VwGH vom 16.02.2006, 2006/14/0011

Beachte

Miterledigung (miterledigt bzw zur gemeinsamen Entscheidung verbunden):

2006/14/0012

Betreff

Der Verwaltungsgerichtshof hat durch den Vorsitzenden Senatspräsident Dr. Steiner und die Hofräte Mag. Heinzl, Dr. Fuchs, Dr. Zorn und Dr. Robl als Richter, im Beisein des Schriftführers Mag. Pfau, über die Beschwerde 1. der W GmbH in G und 2. des RF in G, beide vertreten durch die Schönherr Rechtsanwälte OEG in 1014 Wien, Tuchlauben 17, gegen die Bescheide der Finanzlandesdirektion für Wien, Niederösterreich und Burgenland (Vorsitzende des Berufungssenates VII), jeweils vom , Zl. RV/1-17/13/2002, betreffend Zurückweisung einer Berufung als unzulässig, zu Recht erkannt:

Spruch

Die angefochtenen Bescheide werden wegen Rechtswidrigkeit infolge Verletzung von Verfahrensvorschriften aufgehoben.

Der Bund hat den Beschwerdeführern Aufwendungen in der Höhe von 1.171,20 EUR binnen zwei Wochen bei sonstiger Exekution zu ersetzen.

Begründung

Einem Bericht vom über eine abgabenbehördliche Prüfung bei "(Name des Zweitbeschwerdeführers) und Mitgesellschafter" ist zu entnehmen, dass der von der Erstbeschwerdeführerin (im Folgenden auch: W. GmbH) und dem Zweitbeschwerdeführer (im Folgenden auch: Robert F.) intendierten Mitunternehmerschaft in Form einer atypisch stillen Gesellschaft aus unter Tz 13 des Prüfungsberichtes näher genannten Gründen die steuerliche Anerkennung zu versagen sei.

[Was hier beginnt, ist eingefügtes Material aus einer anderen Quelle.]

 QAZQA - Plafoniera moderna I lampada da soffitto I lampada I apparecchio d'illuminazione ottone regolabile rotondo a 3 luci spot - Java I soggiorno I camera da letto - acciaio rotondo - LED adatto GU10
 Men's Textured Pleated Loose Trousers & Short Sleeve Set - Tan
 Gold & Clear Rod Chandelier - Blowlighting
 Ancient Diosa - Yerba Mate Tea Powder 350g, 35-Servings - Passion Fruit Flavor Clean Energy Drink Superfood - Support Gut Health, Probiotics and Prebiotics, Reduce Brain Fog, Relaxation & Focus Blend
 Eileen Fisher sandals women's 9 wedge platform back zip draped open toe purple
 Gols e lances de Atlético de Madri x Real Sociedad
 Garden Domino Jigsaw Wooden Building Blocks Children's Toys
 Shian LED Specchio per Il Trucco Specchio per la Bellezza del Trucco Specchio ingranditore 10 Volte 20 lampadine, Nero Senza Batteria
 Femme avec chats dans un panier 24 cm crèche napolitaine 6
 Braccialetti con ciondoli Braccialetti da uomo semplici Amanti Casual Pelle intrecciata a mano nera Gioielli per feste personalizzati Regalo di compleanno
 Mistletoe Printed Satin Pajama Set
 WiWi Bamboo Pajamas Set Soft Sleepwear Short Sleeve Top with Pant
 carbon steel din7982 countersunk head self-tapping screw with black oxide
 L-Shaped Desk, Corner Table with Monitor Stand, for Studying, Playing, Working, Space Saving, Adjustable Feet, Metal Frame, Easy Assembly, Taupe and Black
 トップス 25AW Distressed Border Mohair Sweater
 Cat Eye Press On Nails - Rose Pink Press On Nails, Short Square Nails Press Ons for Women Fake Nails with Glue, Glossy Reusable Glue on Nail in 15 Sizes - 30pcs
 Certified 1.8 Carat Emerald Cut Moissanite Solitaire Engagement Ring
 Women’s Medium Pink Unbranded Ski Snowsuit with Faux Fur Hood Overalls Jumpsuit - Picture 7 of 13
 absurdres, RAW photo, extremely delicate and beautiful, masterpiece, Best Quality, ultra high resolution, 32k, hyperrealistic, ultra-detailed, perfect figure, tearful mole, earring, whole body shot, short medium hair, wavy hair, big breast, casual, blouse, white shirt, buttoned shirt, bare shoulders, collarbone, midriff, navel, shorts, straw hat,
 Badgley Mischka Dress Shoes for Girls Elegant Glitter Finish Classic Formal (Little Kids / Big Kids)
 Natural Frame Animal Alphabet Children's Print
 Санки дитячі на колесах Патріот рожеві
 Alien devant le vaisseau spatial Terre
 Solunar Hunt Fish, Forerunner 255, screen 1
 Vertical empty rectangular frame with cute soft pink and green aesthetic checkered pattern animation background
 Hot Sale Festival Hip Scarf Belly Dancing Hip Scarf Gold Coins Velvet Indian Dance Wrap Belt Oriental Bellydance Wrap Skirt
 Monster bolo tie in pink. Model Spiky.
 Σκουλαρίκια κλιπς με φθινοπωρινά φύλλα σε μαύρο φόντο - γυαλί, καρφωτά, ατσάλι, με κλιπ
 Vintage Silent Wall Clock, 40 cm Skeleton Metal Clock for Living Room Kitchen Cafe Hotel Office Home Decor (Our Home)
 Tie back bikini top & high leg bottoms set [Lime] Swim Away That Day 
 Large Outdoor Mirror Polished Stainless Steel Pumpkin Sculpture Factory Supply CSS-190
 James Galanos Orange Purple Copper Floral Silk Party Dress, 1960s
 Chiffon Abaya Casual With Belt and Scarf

Nach Ansicht des Prüfers seien deshalb die Verfahren zur einheitlichen und gesonderten Einkünftefeststellung für die Jahre 1998 bis 1999 gemäß § 303 Abs. 4 BAO wieder aufzunehmen und für den Prüfungszeitraum "Nichtfeststellungsbescheide" zu erlassen (Tz 16 und 17 des Prüfungsberichtes).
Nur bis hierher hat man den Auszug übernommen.